I'm currently developing a JSON API for a blog in golang, and I've run into a roadblock trying to handle the serialization and deserialization of blog posts. I want my posts to contain an array of Post Sections that could be a number of things (such as normal paragraphs, images, quotes, etc.). I'm using Mongo for storage (with the amazing mgo library) and I want to save the posts like this:
{
"title": "Blog post",
"sections": [
{
"type": "text",
"content": { "en": "English content", "de": "Deutscher Inhalt" }
},
{
"type": "image",
"content": "https://dummyimage.com/100x100"
},
...more sections
],
...other fields
}
I've tried several solutions to implement this in go and none have really seemed like the "right way" to do it:
- Not caring about the content
This seemed like the obvious solution, just using a simple struct:
type PostSection struct{
Type string
Content interface{}
}
This way, I can pass through whatever the frontend POSTS and save it. However, manipulating the data or validating it becomes impossible, so it's not a good solution.
- Using custom interface serialization
I found this article about serializing interfaces in golang.

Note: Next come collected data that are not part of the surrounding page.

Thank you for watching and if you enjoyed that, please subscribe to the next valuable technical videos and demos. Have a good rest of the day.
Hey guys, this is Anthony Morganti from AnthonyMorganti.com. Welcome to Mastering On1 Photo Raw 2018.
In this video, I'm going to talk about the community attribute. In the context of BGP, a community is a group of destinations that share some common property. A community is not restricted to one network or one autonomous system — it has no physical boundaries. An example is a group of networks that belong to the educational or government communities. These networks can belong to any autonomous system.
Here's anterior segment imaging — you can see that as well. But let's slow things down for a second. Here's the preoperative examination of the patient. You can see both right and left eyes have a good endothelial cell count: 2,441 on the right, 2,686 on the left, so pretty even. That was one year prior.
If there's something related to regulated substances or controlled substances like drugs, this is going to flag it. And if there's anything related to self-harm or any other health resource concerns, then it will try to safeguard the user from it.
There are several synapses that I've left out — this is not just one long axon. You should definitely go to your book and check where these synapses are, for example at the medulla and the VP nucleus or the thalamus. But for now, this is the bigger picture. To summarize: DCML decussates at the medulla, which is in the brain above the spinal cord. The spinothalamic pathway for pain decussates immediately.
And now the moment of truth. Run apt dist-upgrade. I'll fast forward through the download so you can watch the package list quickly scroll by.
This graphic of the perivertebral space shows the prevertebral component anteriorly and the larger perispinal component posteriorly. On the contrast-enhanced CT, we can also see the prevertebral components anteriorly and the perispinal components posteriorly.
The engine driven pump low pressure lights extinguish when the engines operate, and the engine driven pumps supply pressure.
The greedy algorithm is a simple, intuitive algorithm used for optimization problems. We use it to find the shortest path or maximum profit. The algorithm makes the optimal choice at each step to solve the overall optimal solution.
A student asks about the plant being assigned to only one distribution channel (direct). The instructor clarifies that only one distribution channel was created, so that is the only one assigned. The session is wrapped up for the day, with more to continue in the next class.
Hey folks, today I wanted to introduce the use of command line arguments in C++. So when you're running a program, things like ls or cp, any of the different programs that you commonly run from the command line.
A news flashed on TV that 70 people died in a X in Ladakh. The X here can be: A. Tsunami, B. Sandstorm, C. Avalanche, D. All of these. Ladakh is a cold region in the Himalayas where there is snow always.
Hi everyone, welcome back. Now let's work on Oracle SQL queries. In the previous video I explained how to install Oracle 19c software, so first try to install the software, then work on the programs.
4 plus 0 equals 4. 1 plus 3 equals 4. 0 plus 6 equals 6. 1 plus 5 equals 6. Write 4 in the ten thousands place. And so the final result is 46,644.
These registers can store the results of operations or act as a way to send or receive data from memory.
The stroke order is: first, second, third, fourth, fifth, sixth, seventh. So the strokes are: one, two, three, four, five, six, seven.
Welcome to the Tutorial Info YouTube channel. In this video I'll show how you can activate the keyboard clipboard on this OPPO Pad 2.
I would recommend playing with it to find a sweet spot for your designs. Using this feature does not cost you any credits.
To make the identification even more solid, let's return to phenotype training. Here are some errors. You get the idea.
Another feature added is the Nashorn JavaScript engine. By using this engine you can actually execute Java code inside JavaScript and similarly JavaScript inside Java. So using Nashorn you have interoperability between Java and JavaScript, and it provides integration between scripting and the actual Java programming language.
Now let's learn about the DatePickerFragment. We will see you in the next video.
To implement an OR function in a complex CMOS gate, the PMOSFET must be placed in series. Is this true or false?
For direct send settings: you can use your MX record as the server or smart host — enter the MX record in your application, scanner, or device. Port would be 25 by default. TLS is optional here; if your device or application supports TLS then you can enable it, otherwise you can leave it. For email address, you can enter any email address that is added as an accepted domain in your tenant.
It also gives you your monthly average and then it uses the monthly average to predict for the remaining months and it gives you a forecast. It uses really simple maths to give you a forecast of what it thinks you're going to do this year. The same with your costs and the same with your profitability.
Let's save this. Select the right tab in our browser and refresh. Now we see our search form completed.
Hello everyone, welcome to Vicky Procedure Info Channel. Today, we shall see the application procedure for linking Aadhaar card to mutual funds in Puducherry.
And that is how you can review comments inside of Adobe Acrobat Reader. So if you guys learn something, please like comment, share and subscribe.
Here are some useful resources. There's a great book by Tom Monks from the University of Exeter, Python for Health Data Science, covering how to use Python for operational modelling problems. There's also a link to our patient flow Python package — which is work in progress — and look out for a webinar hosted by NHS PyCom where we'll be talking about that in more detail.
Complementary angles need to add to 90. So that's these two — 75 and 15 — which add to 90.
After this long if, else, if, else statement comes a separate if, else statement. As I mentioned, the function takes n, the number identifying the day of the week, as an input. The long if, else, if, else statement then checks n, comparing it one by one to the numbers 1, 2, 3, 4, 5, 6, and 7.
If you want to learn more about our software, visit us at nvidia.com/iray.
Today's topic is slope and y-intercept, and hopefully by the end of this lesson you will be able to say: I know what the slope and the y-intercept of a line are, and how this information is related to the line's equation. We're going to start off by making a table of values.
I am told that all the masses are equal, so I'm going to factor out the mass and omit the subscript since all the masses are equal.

This seemed great at first, because I could have an interface like this:
type PostSection interface{
Type() string
Content() interface{}
}
and then implement every type like this:
type PostImage string
func (p *PostImage) Type() string {
return "image"
}
func (p *PostImage) Content() interface{} {
return p
}
Optimally, that would've been it, and after implementing MarshalJSON
and UnmarshalJSON
for all my types, it was working fine when using json.Marshal directly on a PostSection object.
However, when serializing or deserializing an entire Post object containing an array of PostSection
s, my custom code was just being ignored and the PostSections would just be treated as the underlying objects (string
or map[string]string
in the examples) when serializing, or result in empty objects when deserializing.
- Writing custom serialization for the entire Post struct
So, the solution I'm currently using but would like to change is custom serialization for the entire Post object. This leads to super ugly code, as I only really need custom code for a single field and so I'm passing through the rest, making the deserialization look similar to this:
p.ID = decoded.ID
p.Author = decoded.Author
p.Title = decoded.Title
p.Intro = decoded.Intro
p.Slug = decoded.Slug
p.TitleImage = decoded.TitleImage
p.Images = decoded.Images
...more fields...
and then, decoding the sections like this:
sections := make([]PostSection, len(decoded.Sections))
for i, s := range decoded.Sections {
if s["type"] == "text" {
content := s["content"].(map[string]interface{})
langs := make(PostText, len(content))
for lang, langContent := range content {
langString := langContent.(string)
langs[lang] = langString
}
sections[i] = &langs
} else if s["type"] == "image" {
content := s["content"].(string)
contentString := PostImage(content)
sections[i] = &contentString
}
}
p.Sections = sections
This is a whole lot of code I'll have to use every time I wanna include PostSections in another form somewhere else (for example in a Newsletter) and it doesn't feel like idiomatic go code by a long shot. Also, there is no error handling for malformed sections - They just cause a panic like this.
Is there a clean solution to this problem?